■ REQUIREMENT ■
Each line in the material below, starting at the one with "Open Concept 3" and ending at the one with "Like new Under", is to be reproduced exactly; no picture is to be copied.

■ RECORDS ■

----------

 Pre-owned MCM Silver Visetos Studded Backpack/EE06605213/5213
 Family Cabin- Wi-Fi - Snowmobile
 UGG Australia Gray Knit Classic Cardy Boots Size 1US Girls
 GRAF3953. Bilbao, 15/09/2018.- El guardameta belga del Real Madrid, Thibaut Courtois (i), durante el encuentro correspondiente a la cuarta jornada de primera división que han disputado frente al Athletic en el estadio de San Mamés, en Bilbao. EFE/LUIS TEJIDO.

----------

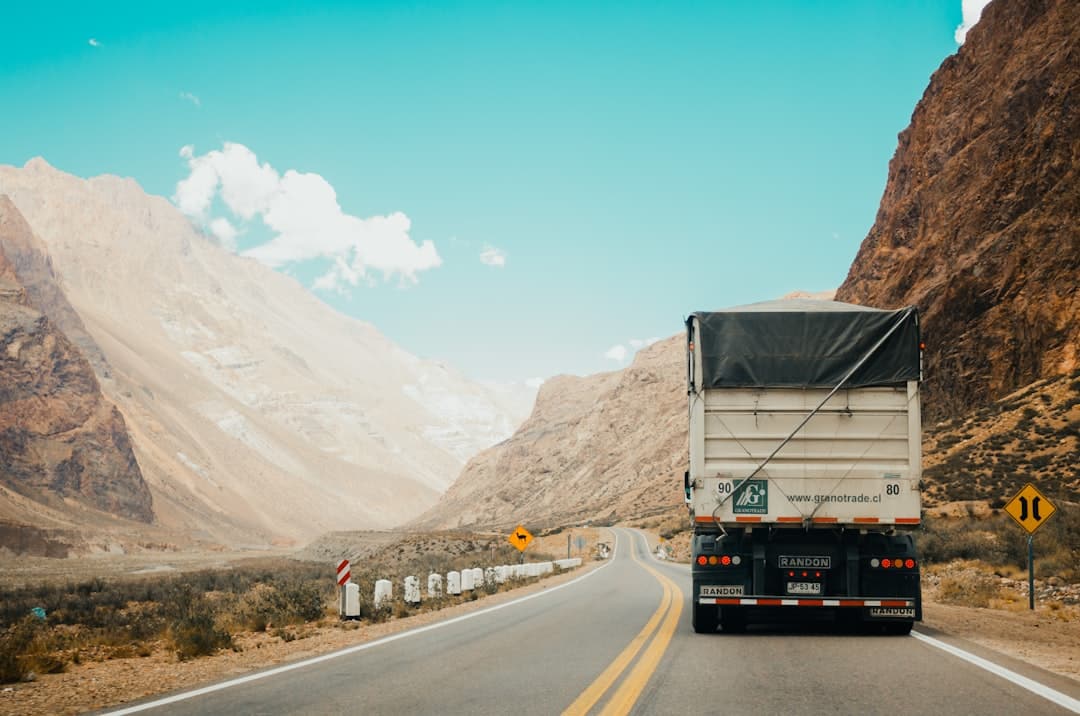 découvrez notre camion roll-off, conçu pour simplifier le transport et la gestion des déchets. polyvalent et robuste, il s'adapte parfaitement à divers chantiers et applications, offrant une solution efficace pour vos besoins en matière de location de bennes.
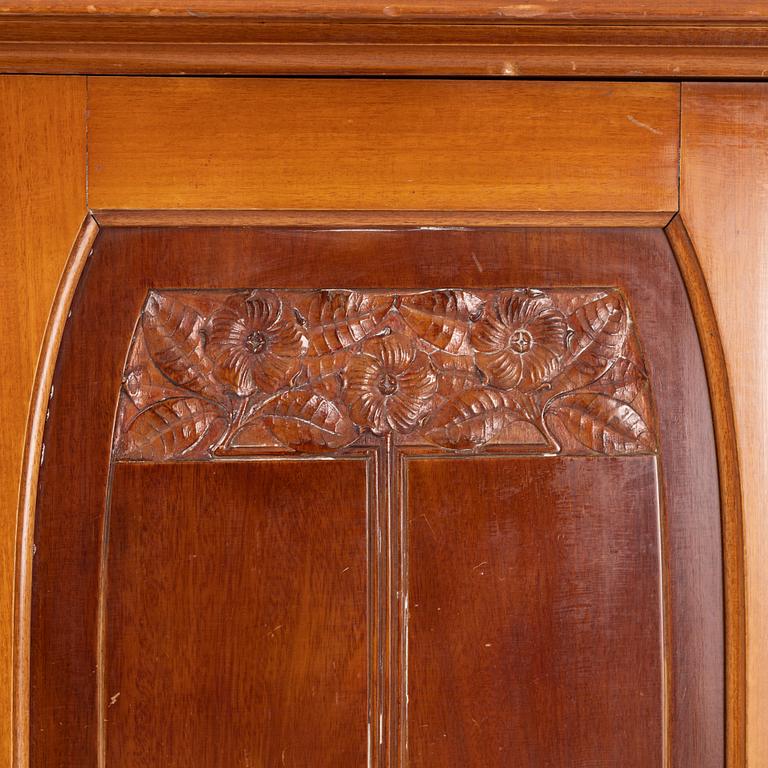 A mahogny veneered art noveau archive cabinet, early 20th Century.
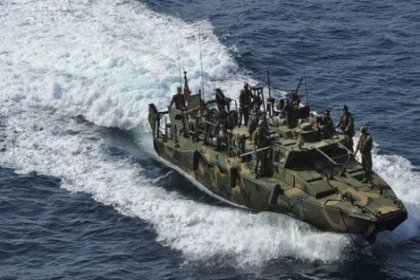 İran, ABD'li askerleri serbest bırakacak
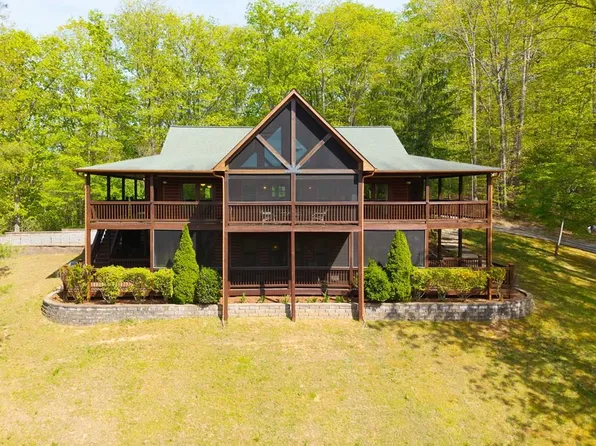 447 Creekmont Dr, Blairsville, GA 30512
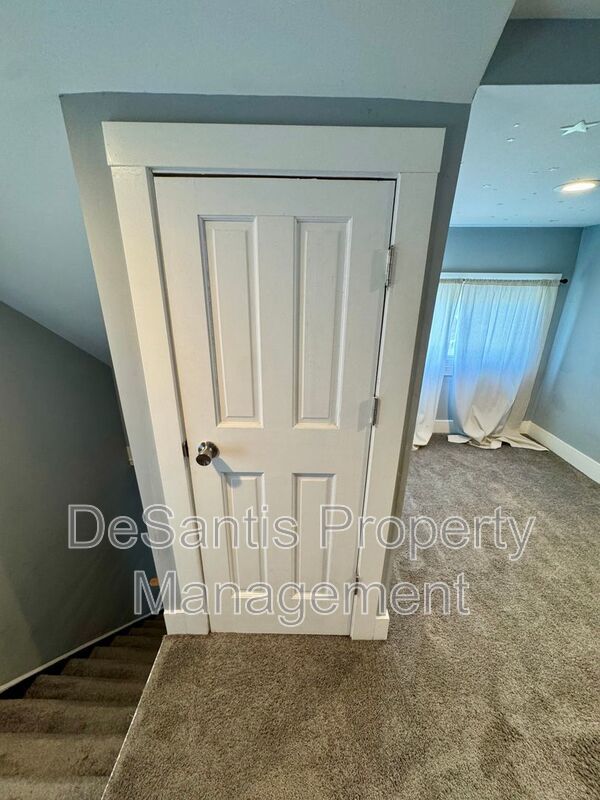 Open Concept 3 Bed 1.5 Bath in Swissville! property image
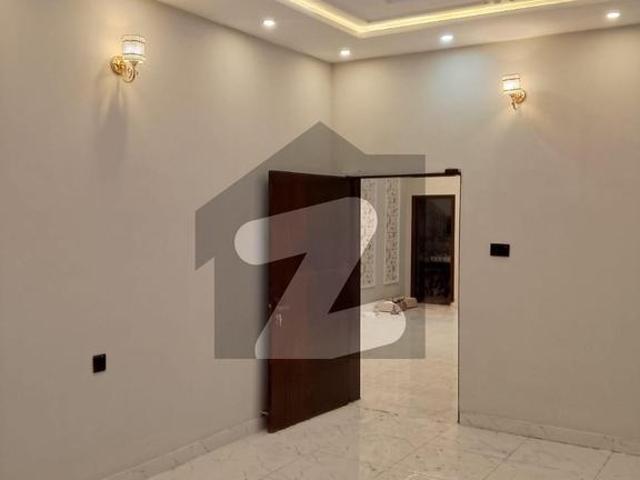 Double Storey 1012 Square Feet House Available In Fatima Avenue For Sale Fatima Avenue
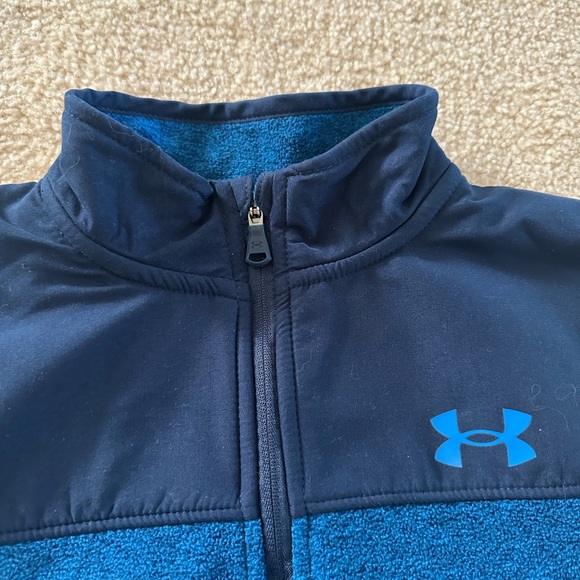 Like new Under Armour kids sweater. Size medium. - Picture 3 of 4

----------

■ RESPONSE AREA ■
 Open Concept 3 Bed 1.5 Bath in Swissville! property image
 Double Storey 1012 Square Feet House Available In Fatima Avenue For Sale Fatima Avenue
 Like new Under Armour kids sweater. Size medium. - Picture 3 of 4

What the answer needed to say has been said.